▸ **EXERCISE DETAILS**
Transcribe exactly, and only, the lines from the one containing "Kosmetika pro koně" through the end of the entries below, leaving the pictures out.

[Extracted records]
[Start of section]

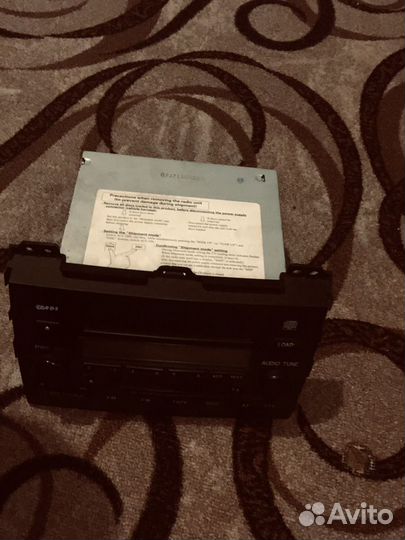 Продается магнитола оригинал на прадо 120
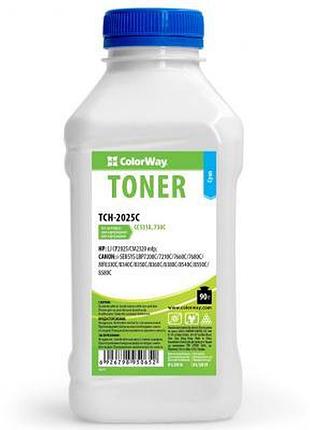 Тонер hp clj cp2025/2020/cm2320 cyan 90g colorway (tch-2025c)>> задайте питання щодо товару в чаті prom або viber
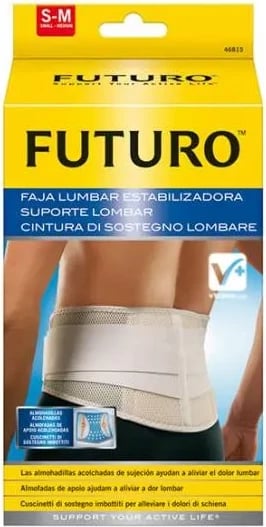 Rrip mbështetës lumbar uniseks 3M Futuro S-M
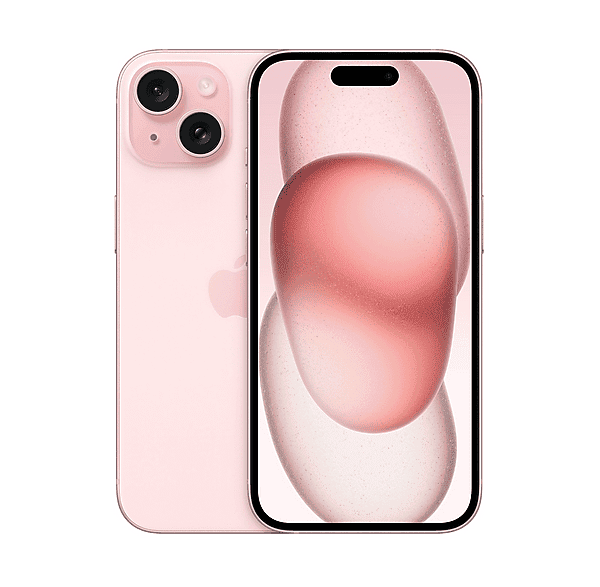 Smartphone - Apple iPhone 15 6.1" 128GB, Rosa, Smartphone iOS, 6,1 " OLED Super Retina XDR, Chip A16 Bionic, 3350 mAh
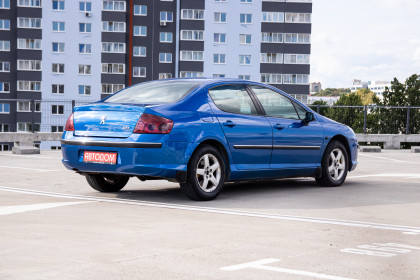 Продажа Peugeot 407 I 2.0 MT (136 л.с.) 2005 Синий в Автодом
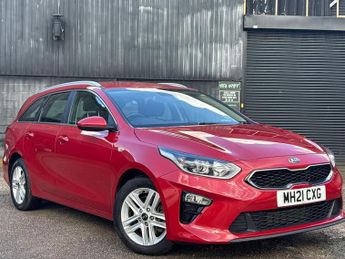 Kia Ceed 1.6 CRDi MHEV 2 Sportswagon Euro 6 (s/s) 5dr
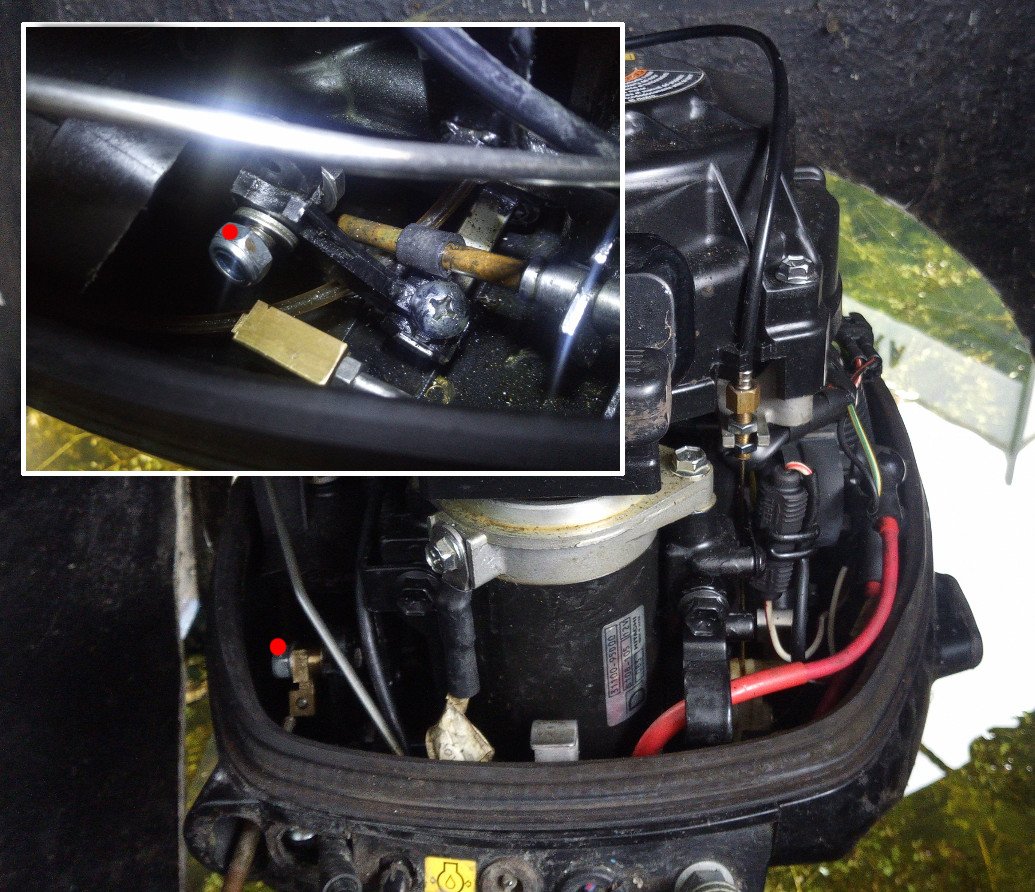 Outboard not starting Boat Equipment Canal World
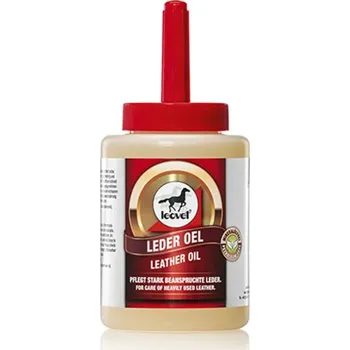 Kosmetika pro koně Leovet Olej na kůži a kožené výrobky Leovet, 450 ml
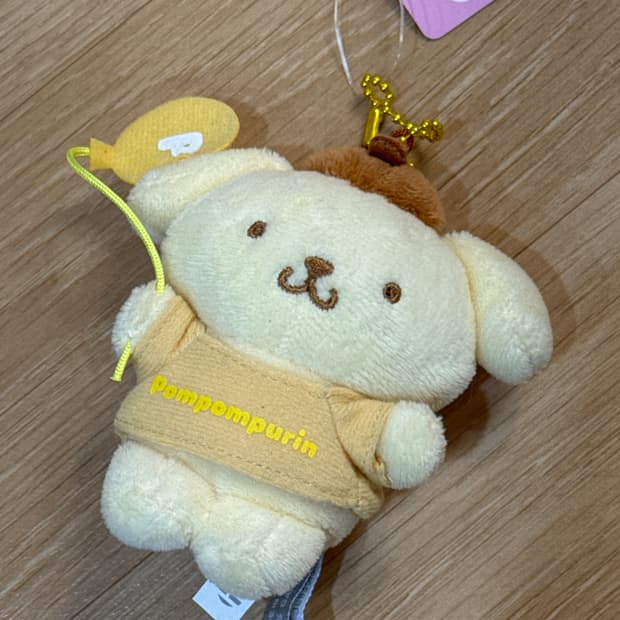 폼푸인형키링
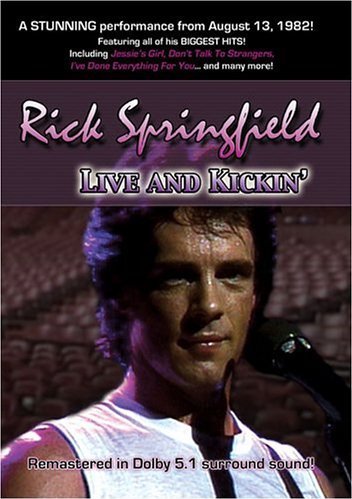 Rick Springfield: Live and Kickin' DVD
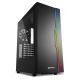 Sharkoon RGB Slider Midi Tower Noir - 4044951029846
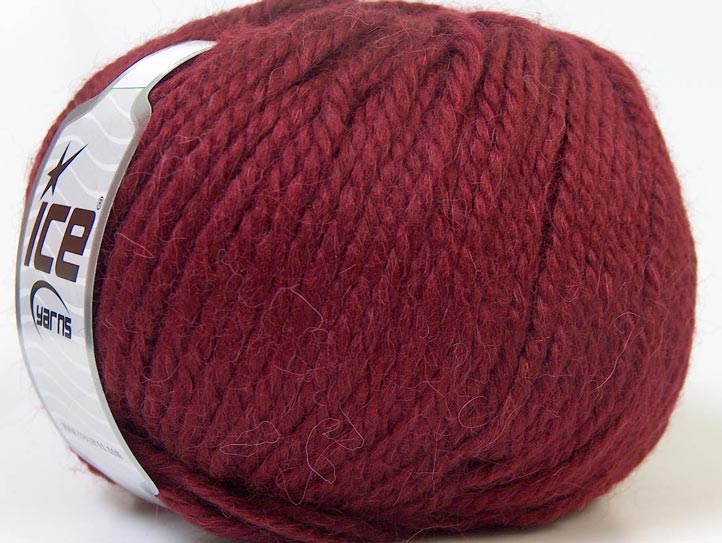 Benang Rajut Impor Alpaca Bulky 76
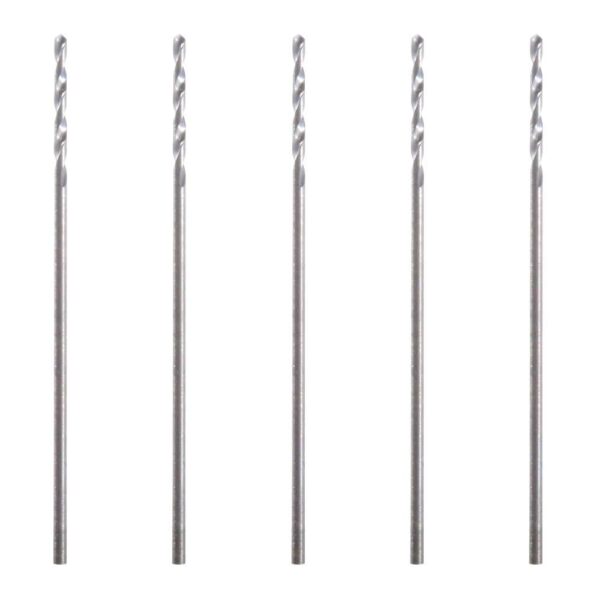 5 Brocas de Carburo 1/32" x 5/16" x 1-1/4" 2F Fullerton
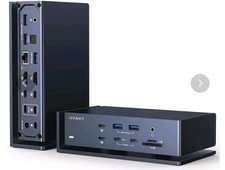 VCD10 Docking Station Ultra 20-in-1 For MacOS New in Box picture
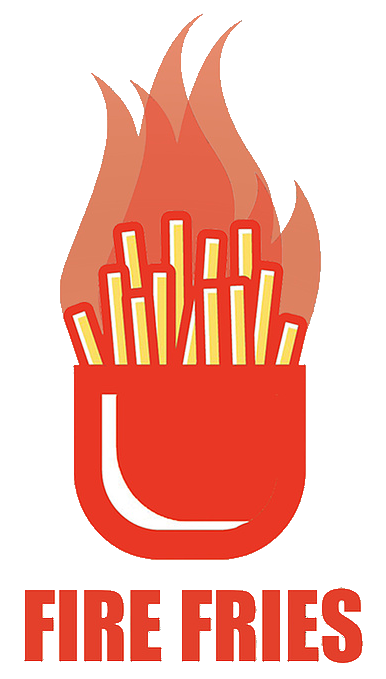 Fire Fries and Chicken logo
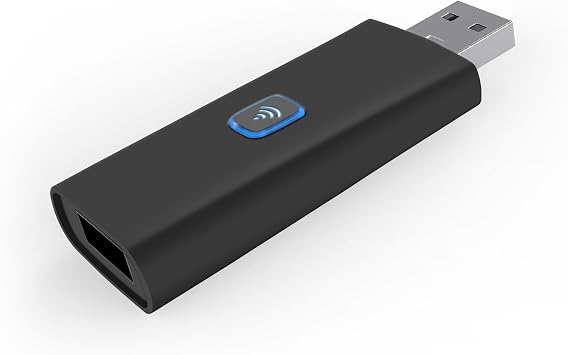 Conversion Adapter for PC/PS4/Steam/Switch2/Switch Bluetooth/Wired Connection Conversion Converter Controller Conversion Adapter Automatic Connection Function Easy Operation Compact Compatible with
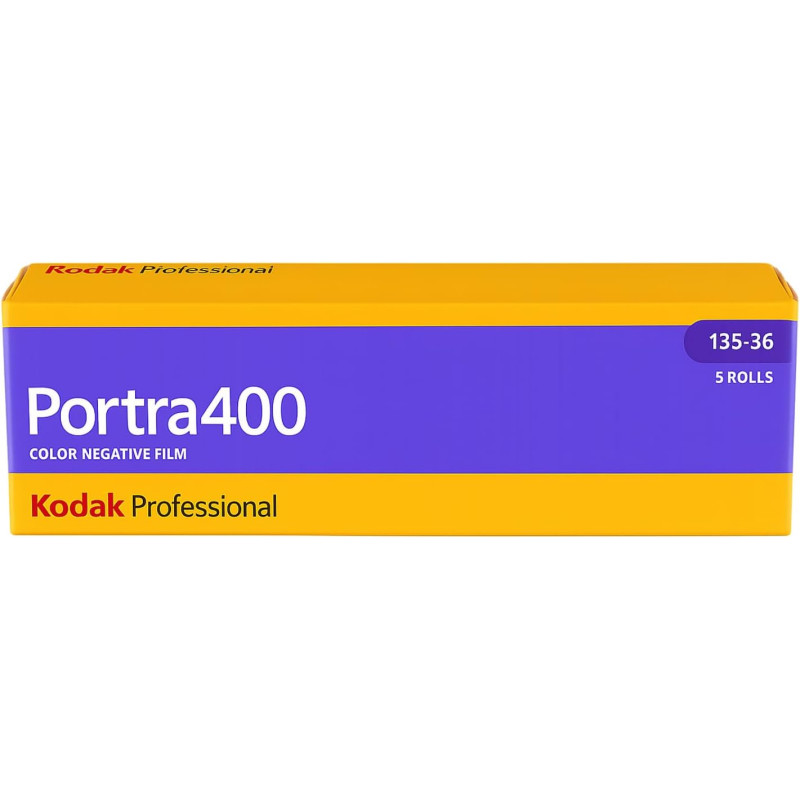 Kodak Portra 400 film 35mm 36exp Film Professionel 5 Pack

[End of section]

▸ **COMPLETED EXERCISE**
 Kosmetika pro koně Leovet Olej na kůži a kožené výrobky Leovet, 450 ml
 폼푸인형키링
 Rick Springfield: Live and Kickin' DVD
 Sharkoon RGB Slider Midi Tower Noir - 4044951029846
 Benang Rajut Impor Alpaca Bulky 76
 5 Brocas de Carburo 1/32" x 5/16" x 1-1/4" 2F Fullerton
 VCD10 Docking Station Ultra 20-in-1 For MacOS New in Box picture
 Fire Fries and Chicken logo
 Conversion Adapter for PC/PS4/Steam/Switch2/Switch Bluetooth/Wired Connection Conversion Converter Controller Conversion Adapter Automatic Connection Function Easy Operation Compact Compatible with
 Kodak Portra 400 film 35mm 36exp Film Professionel 5 Pack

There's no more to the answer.